Cardiopulmonary bypass, although not perfect, remains an essential part of cardiac surgery. The utilization of CPB is associated with the production of ROS and oxidative stress. Haemolysis, ischaemia, and perfusion injury and neutrophils activation during CPB play a pivotal role in oxidative stress and the associated activation of proinflammatory and proapoptotic signalling pathways which can affect the function and recovery of multiple organs such as the myocardium, lungs, and kidneys and influence clinical outcomes.
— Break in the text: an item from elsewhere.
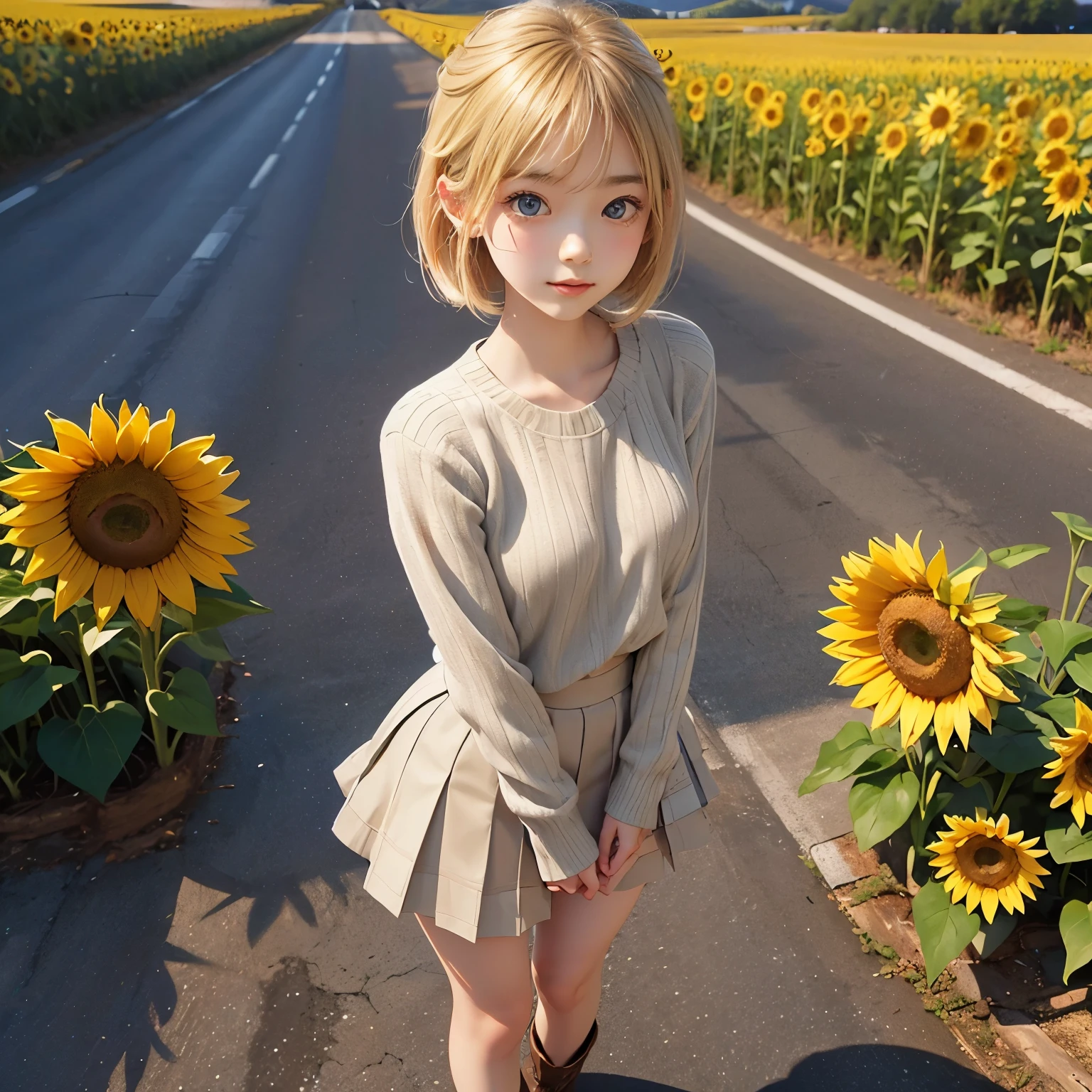 detailed face, cute face, masterpiece, top quality, super detailed, illustration, wide angle, one girl standing in the middle of the road, alone, yellow sunflower field on the middle road and roadside, full body, 20s, blonde hair, sweater, short skirt, fashion,, composition, balance, harmony, rhythm, color, light, shadow, reflection, refraction, tone, contrast, foreground, middle way, background, naturalistic, figurative, expressive.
The administration of agents with antioxidant properties during surgery either intravenously or in the cardioplegia solution may reduce ROS burst and oxidative stress during CPB. Alternatively, the use of modified circuits such as minibypass can modify both proinflammatory responses and oxidative stress. More in-depth research and adequately powered randomised clinical studies with strict CPB protocols are still required.